The fence along Israel’s southern border is estimated to have cost around 1.4 billion shekels (US$374.8 million). Israel now has physical barriers along all its land borders apart from one section abutting Jordan, from Eilat to the Dead Sea. Plans to erect a fence along that border are under discussion.
Israel accelerated construction of the southern border fence after an attack by militants in August 2011 in which eight Israelis were killed, with the aim of completing it by the end of last year. The remaining gaps, which total about 9km, are on mountainous terrain near the Red Sea resort of Eilat.
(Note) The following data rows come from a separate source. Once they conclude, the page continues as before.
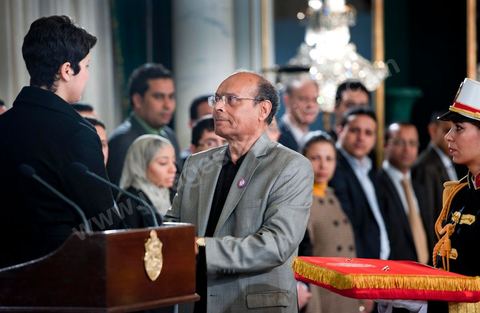 March 12: Moncef Marzouki pinned a Tunisian flag pin on young student Khaoula Rchidi at the Presidential Palace in Carthage; the President of the Republic presided over a Tunisian flag-raising ceremony. During the ceremony, Moncef Marzouki awarded a decoration to student Khaoula Rchidi and issued a message to anyone who desecrates the flag, “a symbol of a Muslim people.” Last week was marked by incidents that took place at the University of Mannouba. The young student, Khaoula Rchidi, who was awarded the Order of the Republic, was moved: “I didn’t think twice; I saw what he was doing and reacted immediately. I’m from Gafsa and I’m hot-blooded. Maybe that’s why I stepped in. Our flag is precious; we must not take it for granted.” After the speech, the national anthem was sung with great emotion by those present. Khaoula Rchidi was then welcomed into the Golden Room and honored by the president: “What she did was exceptional; she defended Tunisia. It was moral strength against physical force,” he acknowledged. Amel Aloui, a student and member of the UGET who was assaulted during the incidents at the Mannouba Faculty, also met with Moncef Marzouki and was applauded by those present.

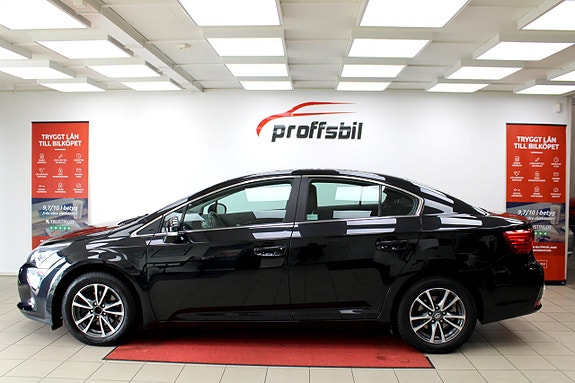 Toyota Avensis 2 of 22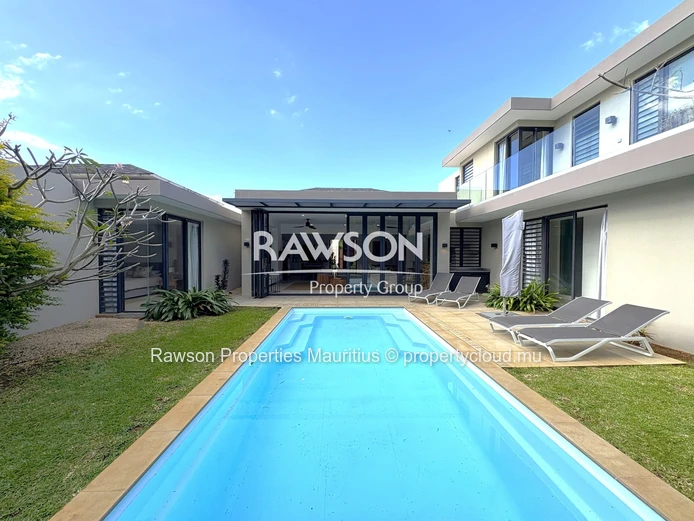 4 Bedroom Villa | Garden And Pool | Pds | Pereybere | Accessible To Foreigners | Usd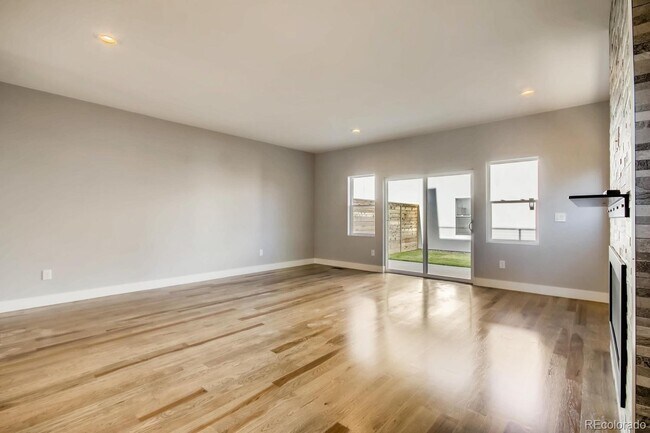 Foto del edificio - 2621 S Cherokee St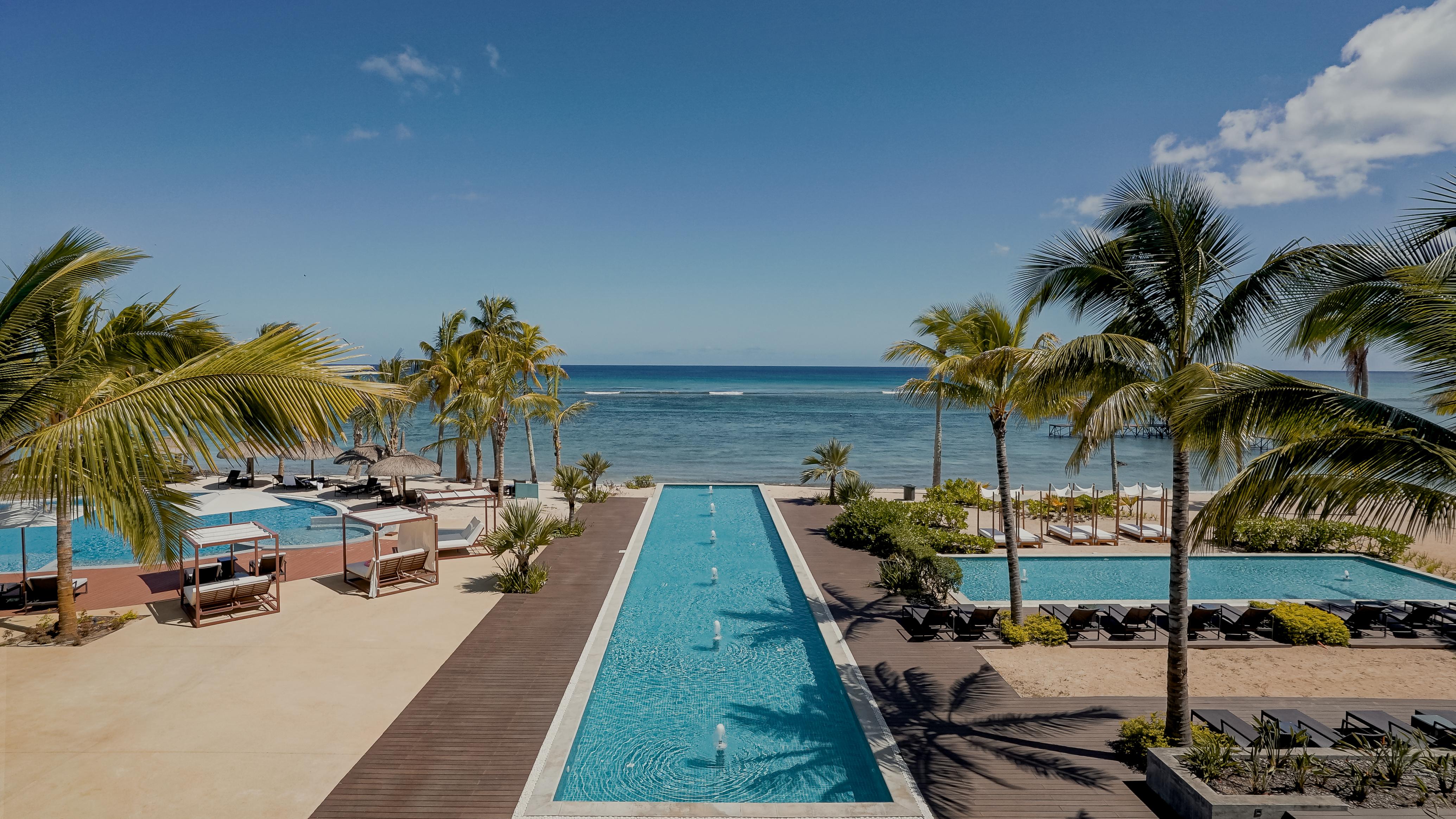 Le Meridien Ile Maurice Pointe aux Piments Eksteriør bilde The swimming pool at the resort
The purpose of the fence is to deter illegal immigration, cross-border militant activity and the smuggling of drugs and weapons. More than 65,000 migrants, mainly from Eritrea and Sudan, have entered Israel illegally from Egypt since 2006, according to government figures. A US Department of Sate report on human rights said Israel approved one out of 4,603 applications for asylum in 2011.
An Eritrean man appeared in court in Tel Aviv on Monday, accused of raping an 83-year-old woman on Dec. 21.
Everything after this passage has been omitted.